Standard spirits to be a thing of the past

By Nicholas Robinson contact

- Last updated on GMT

End of an era: house pours are upgrading
End of an era: house pours are upgrading

Related tags: Gin

A decline in standard spirits sales is to continue, as experts predict the category will fall to premium and super-premium soon.

In as few as three years premium spirits sales will considerably outweigh those of the standard brands familiar in pubs for decades, claimed Pernod Ricard UK (PRUK) directors.

The ideal cocktail mix:

PRUK asked consumers how many cocktails they expected to see on menus in three types of outlet.

  • Pubs: 8
  • Restaurants: 10
  • Bars: 12

Sales of premium spirits are already rising faster than standard with the former up 2.5% compared with the latter's, which are down 1%. Total spirits sales are up 0.5%, PRUK data showed.

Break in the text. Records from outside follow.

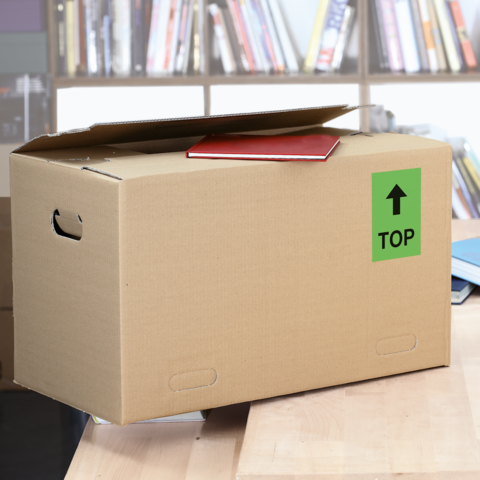 Ein Karton mit dem Aufkleber "FRAGILE", daneben ein graues Kuvert mit "DRINGEND!" und eine weiße Karte. Schere liegt ebenfalls auf dem Tisch.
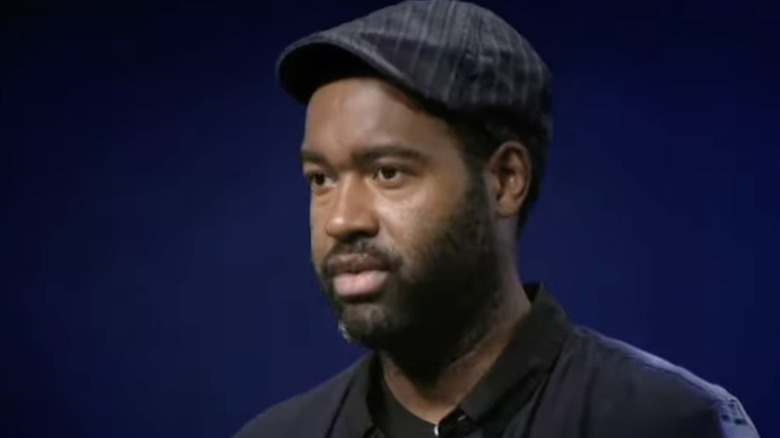 Emilio Sosa wearing hat on "Project Runway" Season 7, Episode 12.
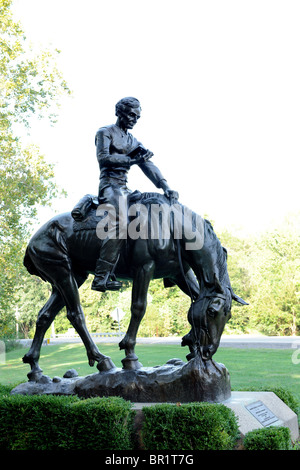 Bronze sculpture of young Abraham Lincoln reading while riding horse in Lincol's New Salem State Historic site Stock Photo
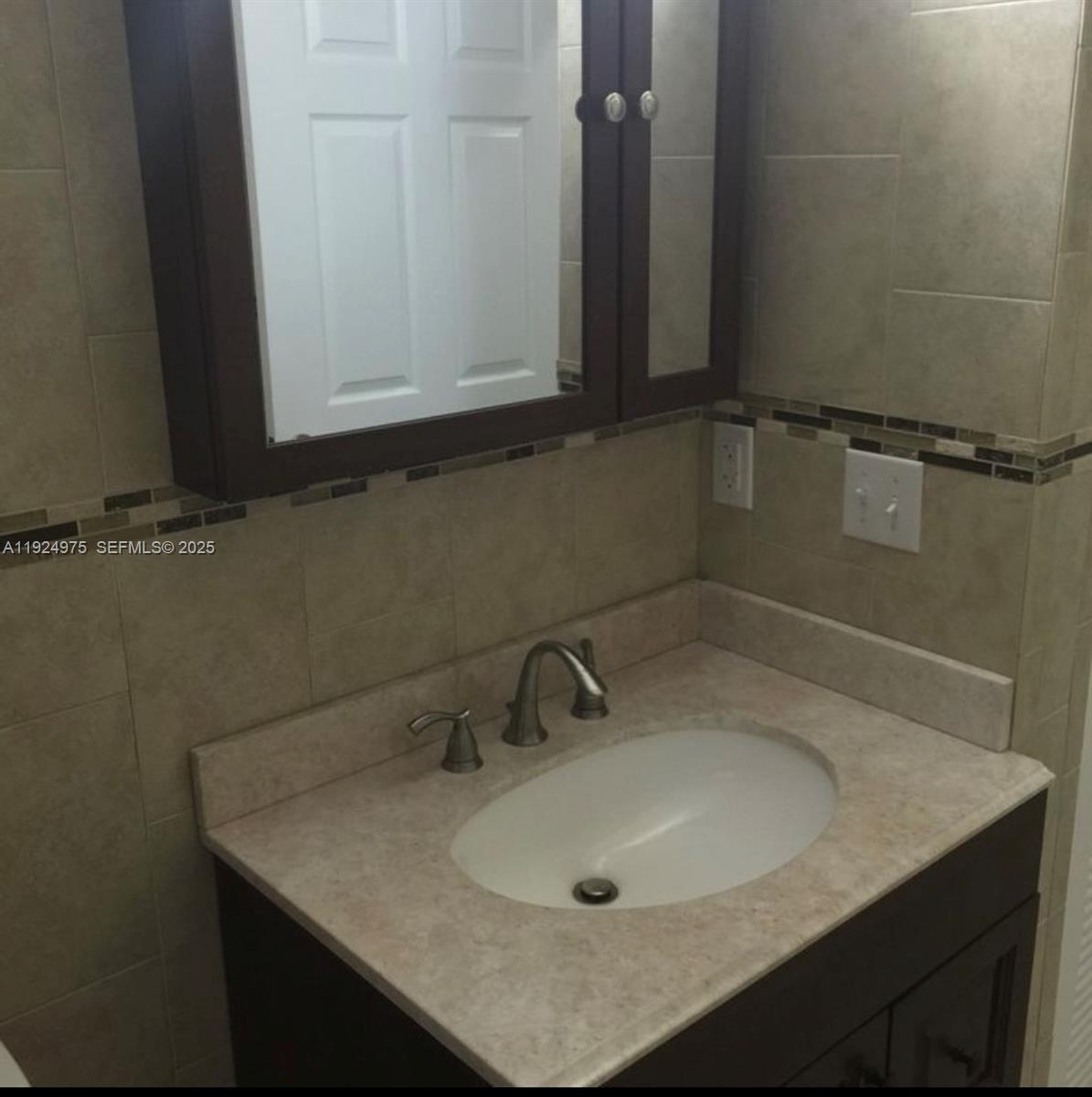 41 West 14th Street, Unit 1 Hialeah, FL 33010 - Photo 7 of 15 a bathroom with a sink and vanity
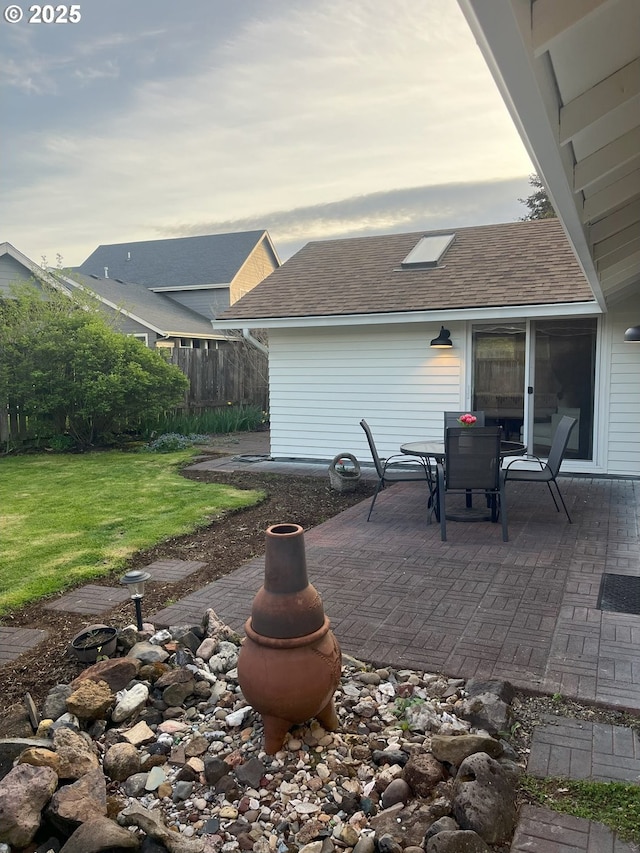 view of patio featuring fence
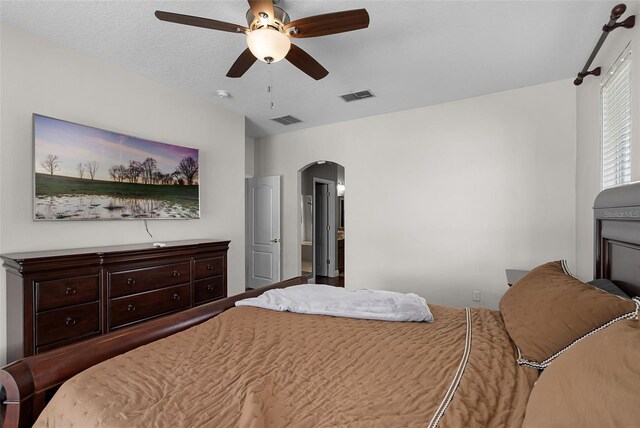 3711 Half Moon Dr, Orlando, FL 32812 - bedroom featuring arched walkways and a ceiling fan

Cocktails are the main driver of premium spirits sales, which have grown by 33% in two years to £500m, according to PRUK off-trade channel director Chris Shead at the company’s annual Christmas launch in London this month (August).

‘Trend for cocktails

“From our perspective, the major messages are that premium is in long term growth and the trends (for cocktails) are here for a long time,” said Shead.

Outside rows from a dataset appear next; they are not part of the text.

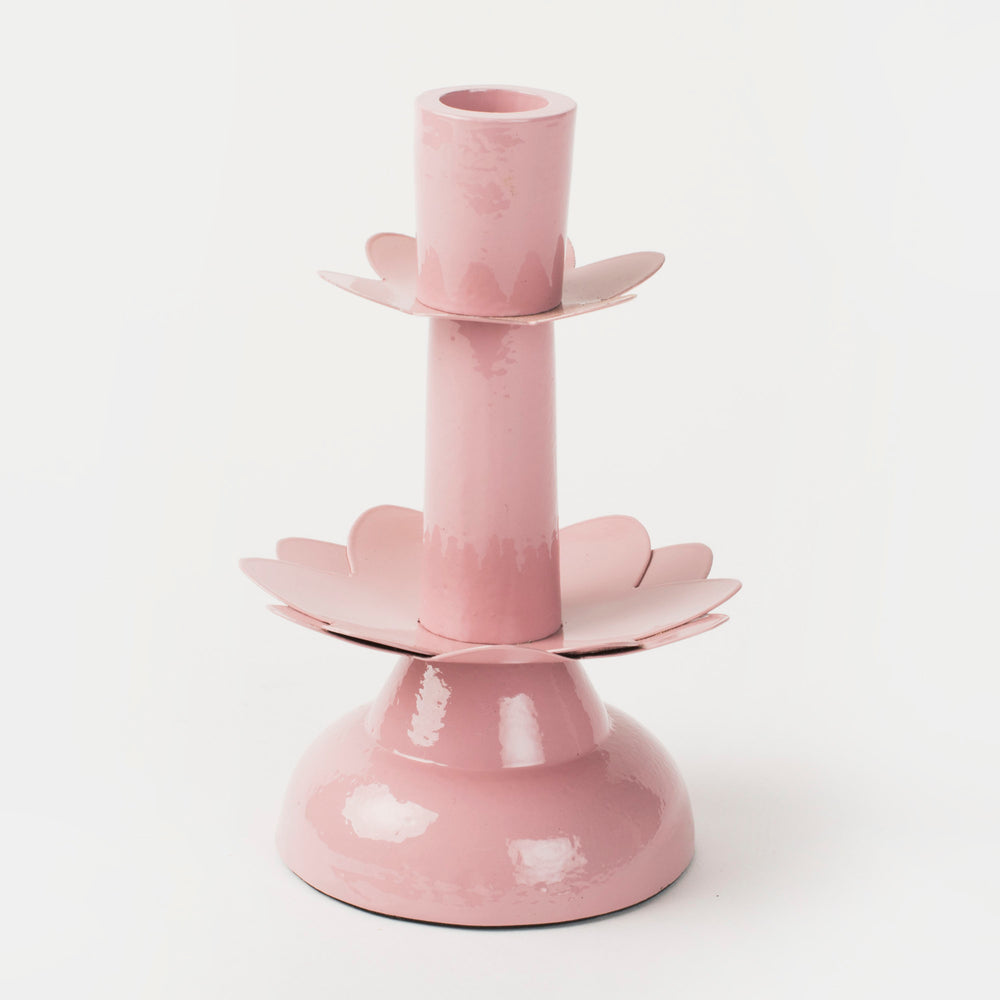 Hand-finished soft pink aluminum candleholder with a sculptural tiered petal design inspired by a blooming lotus.
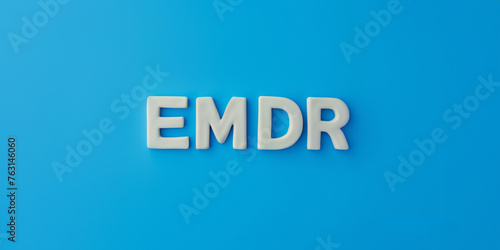 Letters EMDR written on blue background. Eye Movement Desensitization and Reprocessing psychotherapy treatment concept.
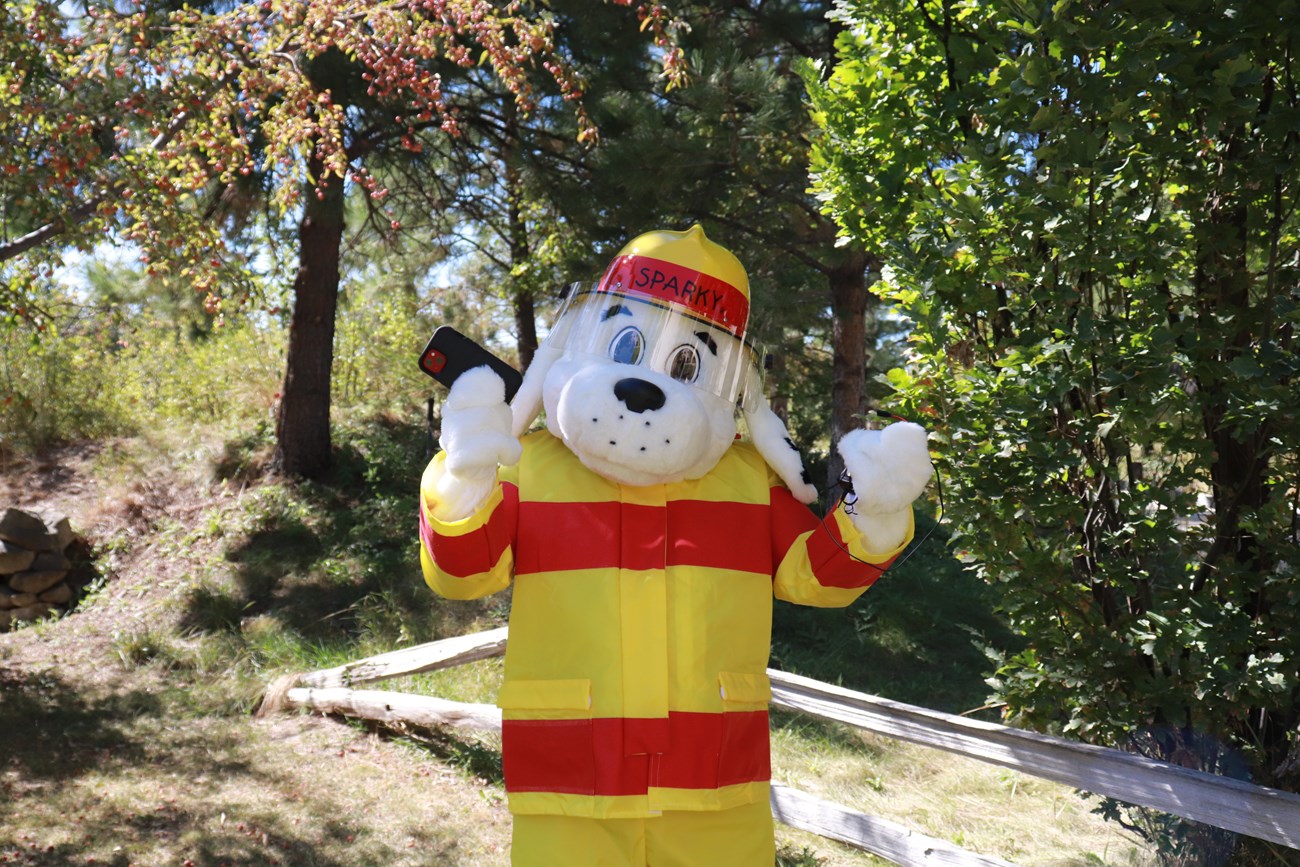 the "Sparky the Fire Dog" mascot holding up a phone and charger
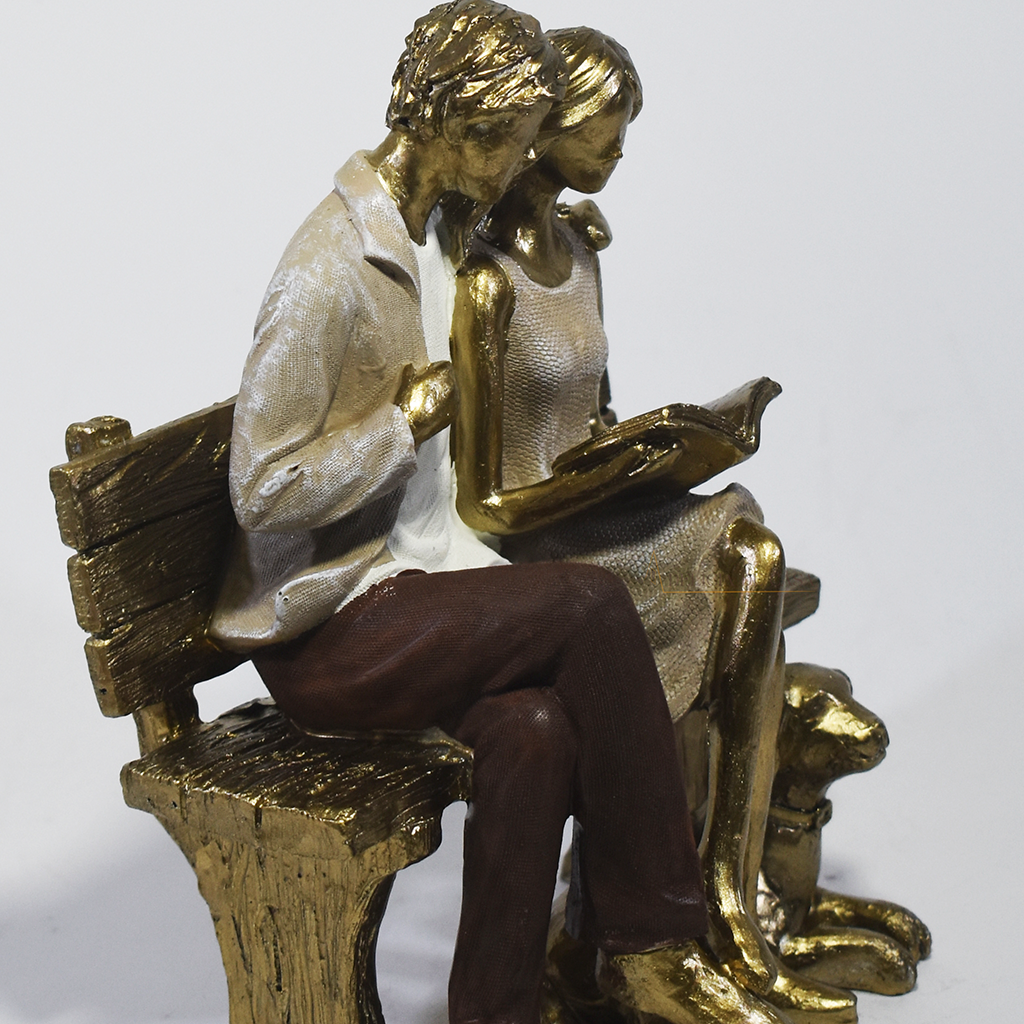 Escultura decorativa em resina de casal sentado em banco lendo um livro, acompanhados por um cachorro aos pés, com acabamento dourado, branco e marrom. Peça elegante para decoração de interiores medindo 15x10x18 cm.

Another, although well known, reason for the dramatic uptick in the sales of premium and super-premium is down to more educated and discerning consumers, who are drinking more cocktails, said PRUK on-trade channel director Mark Harris.

Total sales of premium spirits already account for 50% of the market, but will grow further and overtake standard, he claimed.

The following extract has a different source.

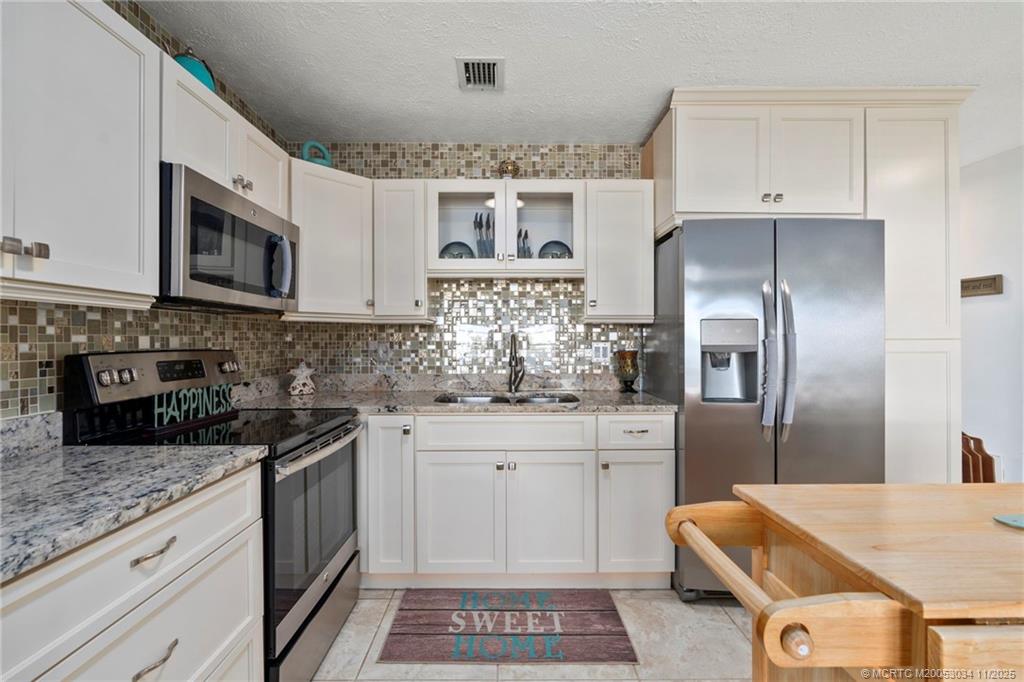 2929 Southeast Ocean Boulevard, Unit 1397 Stuart, FL 34996 - Photo 10 of 38 a kitchen with stainless steel appliances granite countertop a sink stove and refrigerator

“We see premium becoming the ‘standard’ pour and the standards declining further.”

Cocktails worth £499m

Trend watch:

Sloe gin is set to become more popular this Christmas, according to PRUK’s Harris, who said: “Sloe gin is of interest to consumers more around Christmas.
“It’s interesting because it’s been around forever and it’s going to be in growth in the coming years.”

Cocktails are now stocked in around a third (37,000) of all on-trade outlets, account for 6.6% of total spirits sales and are worth £499m, he added.

“Modern consumers drink less, but better and are looking for really authentic brand stories,” he explained.

“They are looking for connection points and (this has been driven) by the movement in the craft beer market and it has moved up through spirits.”

Although cocktail sales are rising and have helped boost the uptake of premium spirits, just 9.2m people drink cocktails, compared with 20.8m consumers who imbibe spirits, he added.